An Intro to Collaborative Filtering for Movie Recommendation
Step-by-Step Guide to Recommender System

Recommender system has become a rising topic as we demand more customized contents push to our daily feeds. I guess we are all familiar with the recommended videos on YouTube, and we are all — more than once — the victims of late-night Netflix binge watching.
There are two popular methods in recommender system, collaborative based filtering and content based filtering. Content based filtering makes predictions of what the audience is likely to prefer based on the content properties, e.g. genre, language, video length. Whereas collaborative filtering predicts based on what other similar users also prefer. As the result, collaborative filtering method is leaning towards instance based learning and usually applied by large companies with huge amount of data at hand.
In this article, I will focus on collaborative based filtering and briefly introduce how to make movie recommendation using two algorithms that fall into this category, K Nearest Neighbour (KNN) and Singular Value Decomposition (SVD).
I used the movie dataset from Kaggle to predict recommended movies at individual level.

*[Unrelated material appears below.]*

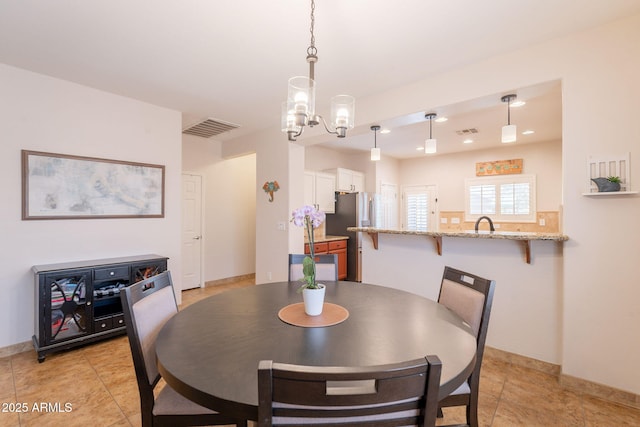 1927 W Mine Trl, Phoenix, AZ 85085 - dining space featuring a chandelier and light tile patterned flooring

EDA for Recommender System
Each machine learning algorithm requires different way to explore the dataset to get valuable insights. I performed following three techniques to explore the data at hand. To see a more comprehensive guide of EDA, please check out my blog.
1. Unique Counts and Data Shape
Firstly, an overview of how many distinct users and movies are included in the dataset. This can be easily achieved using df.nunique(axis = 0)and then plot it in a bar chart.

2. Univariate Analysis
Univariate analysis — the analysis of one feature at a time — helps us to better understand three questions:
- what are the movies with most reviews?
- who are the users that provide most reviews?
- how does the distribution looks like for ratings?
# univariate analysis
plt.figure(1, figsize = (16,4))
df['movieId'].value_counts()[:50].plot(kind = 'bar') #take top 50 movies
plt.figure(2, figsize = (16,4))
df['userId'].value_counts()[:50].plot(kind = 'bar') #take top 50 users
plt.figure(3, figsize = (8,4))
df['rating'].plot(kind = 'hist')
Some of the insights we can draw from the univariate analysis are:
1. ratings are not evenly distributed among movies and the most rated movies is “356” which has no more than 350 ratings;
2. ratings are not evenly distributed across users and users at most provided around 2,400 ratings;
3. most people are likely to give a rating around 4
3. Aggregated Analysis
Univariate analysis gives us a view more at individual movie or users level, whereas aggregated analysis helps us to understand the data on the meta-level.
1. What is the distribution of ratings given to each movie?
ratings_per_user = df.groupby('userId')['movieId'].count() ratings_per_user.hist()The histogram shows that most users (roughly 560 out of 671 –80%) have less than 250 ratings.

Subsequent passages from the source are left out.